As visões díspares do século XVI da China e Europa

Juan José Morales

15sergegruzinskiResenha do livro The eagle and the dragon: Globalization and European dreams of conquest in China and America in the sixteenth century (A águia e o dragão: a globalização e os sonhos de conquista na China e na América no século XVI), de Serge Gruzinski. Polity Press, Dezembro 2014.

A primeira embaixada portuguesa à China, encabeçada por Tomé Pires, saiu de Cantão em 1517, chegando à capital Pequim em dezembro de 1520. Embora eles tivessem levado presentes e cartas do rei Dom Manuel, os portugueses não viram o imperador e foram tratados como espiões e presos, e alguns foram executados.

Enquanto isso, em novembro de 1519, uma expedição espanhola liderada por Hernán Cortés entrou em Tenochtitlán, no México, onde foram recebidos com uma pompa espectacular pelo imperador Moctezuma1. Meses depois, em agosto de 1521, a capital asteca seria tomada pelos espanhóis, abrindo, assim, a porta para a conquista de boa parte do continente americano.

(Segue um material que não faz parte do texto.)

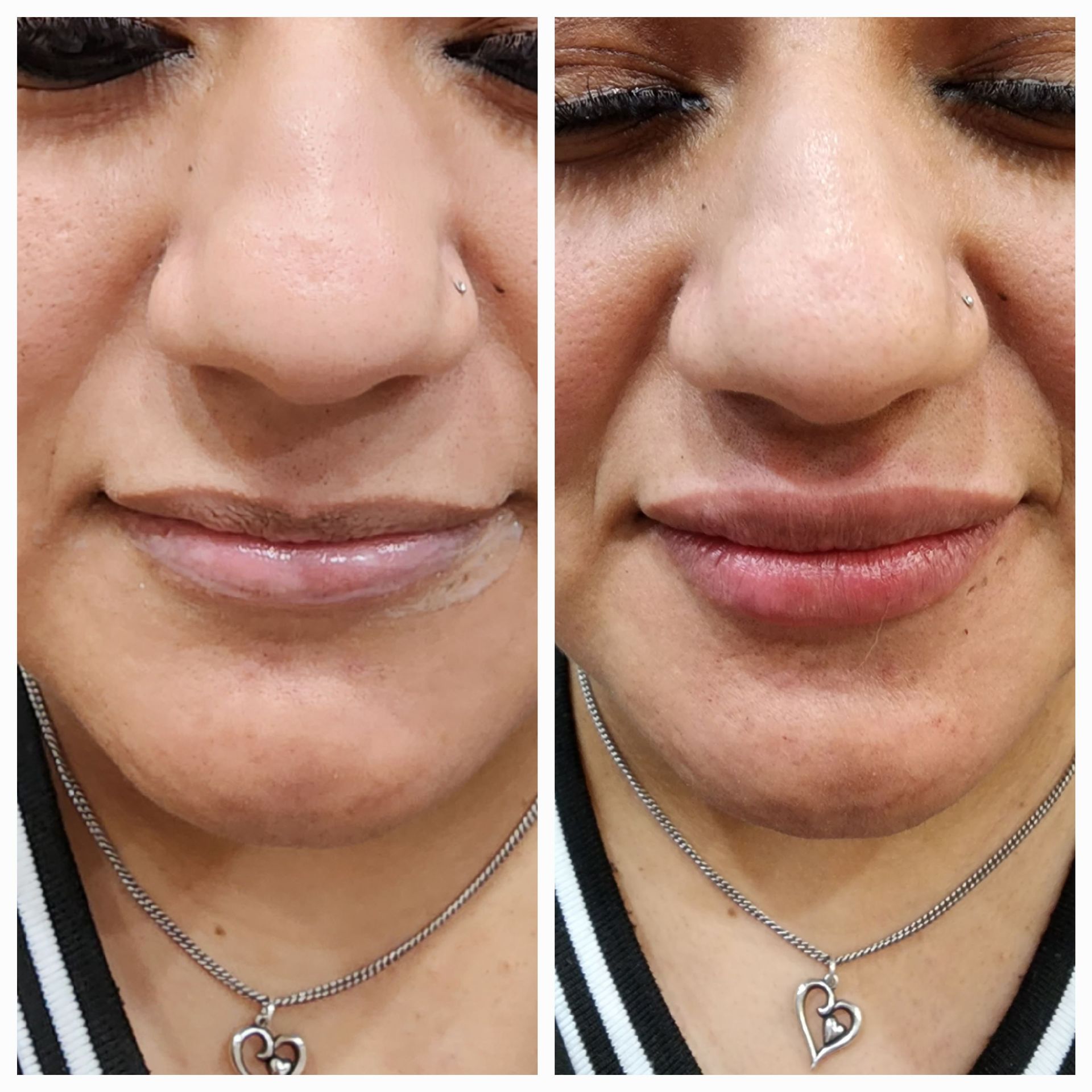 A before and after photo of a woman 's lips.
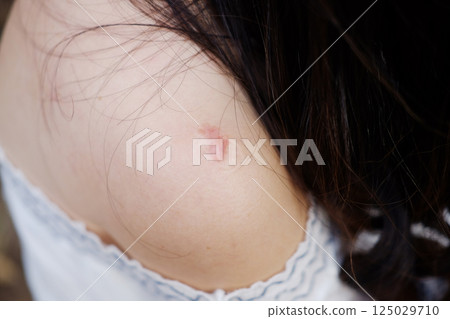 Close up BCG vaccination scars awaken an abscess on shoulder of Asian woman. Bacillus Calmette Gurin vaccine 125029710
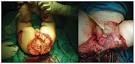 por presencia <b>de gangrena</b>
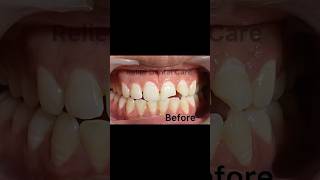 Broken tooth Toote daant ko kaise thk karein  drnidha drteeth dentalclinic brokenteeth cavity [upl. by Georgi]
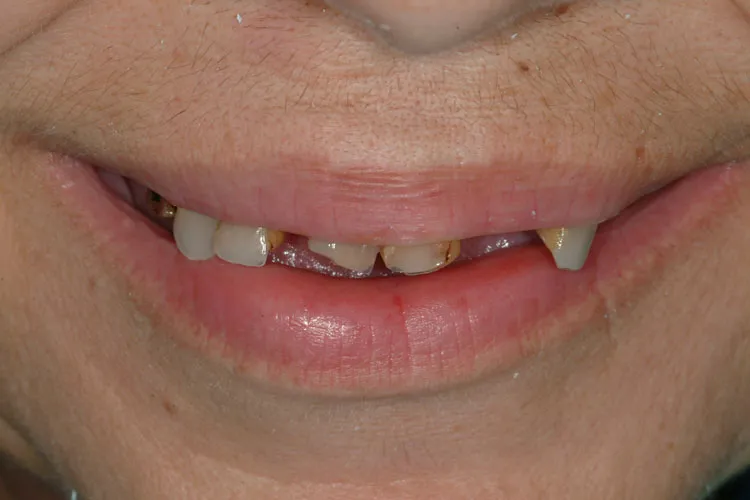 Disaligned teeth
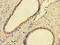 GDP-Mannose Pyrophosphorylase B antibody, LS-C380332, Lifespan Biosciences, Immunohistochemistry paraffin image 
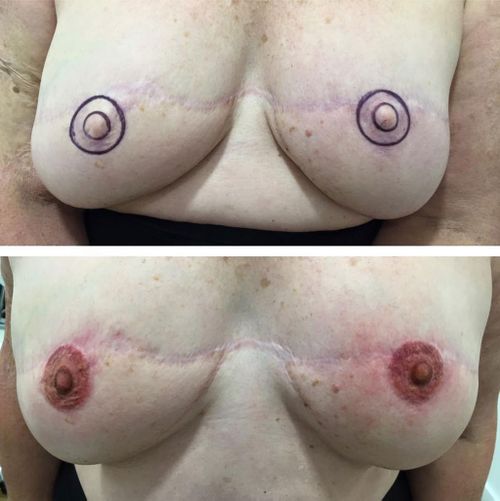 Breast cancer survivors' nipple tattoos. (Facebook)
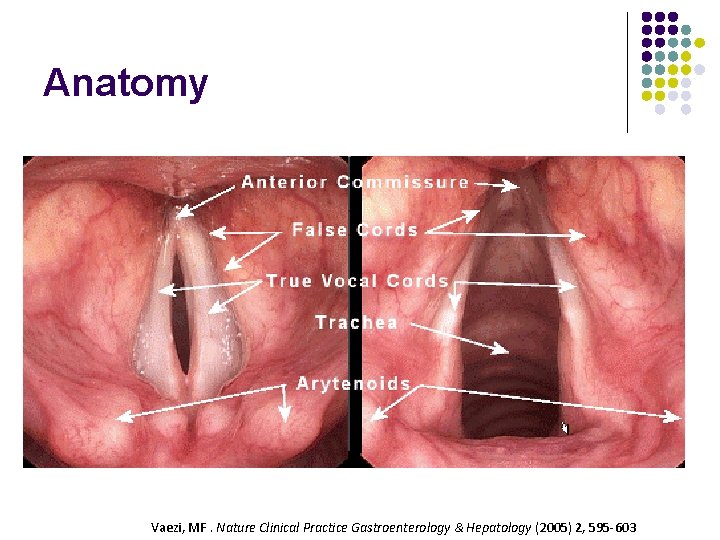 Anatomy Vaezi, MF. Nature Clinical Practice Gastroenterology & Hepatology (2005) 2, 595 -603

Portanto, esses primeiros encontros entre os iberos e as duas civilizações mundiais do México e da China ocorreram em torno da mesma época embora com resultados completamente diferentes. O livro de Serge Gruzinski The eagle and the dragon (A águia e o dragão), cujo título se refere aos icônicos símbolos do México e da China, é um estudo inovador voltado a explicar a cronometragem desses eventos e suas implicações.

Gruzinski é um dos mais destacados historiadores das culturas hispano-americanas. É professor visitante em Princeton, bem como diretor do CNRS (Centre national de la recherche scientifique) e da EHESS (École des hautes études en sciences sociales), dois prestigiados institutos de pesquisa da França. A maior parte dos seus trabalhos é traduzida rapidamente do francês para o espanhol e o português, e muitos foram também traduzidos para o inglês, incluindo esse volume.

Conforme o historiador Peter Burke afirma no prefácio, The eagle and the dragon é um bom exemplo de como aquilo que os franceses chamam de ‘histoire croisée’, literalmente, ‘história entrançada’, a qual visa explicar o passado através do exame de múltiplos caminhos e das conexões entre os mesmos. Na verdade, Gruzinski enfoca não tanto fornecer um novo detalhe histórico, mas elucidar os caminhos paralelos e entrecruzados desses dois eventos, combinados aos seus antecedentes, e, as suas consequências. O resultado é uma façanha da erudição com marcantes interpretações de longo alcance.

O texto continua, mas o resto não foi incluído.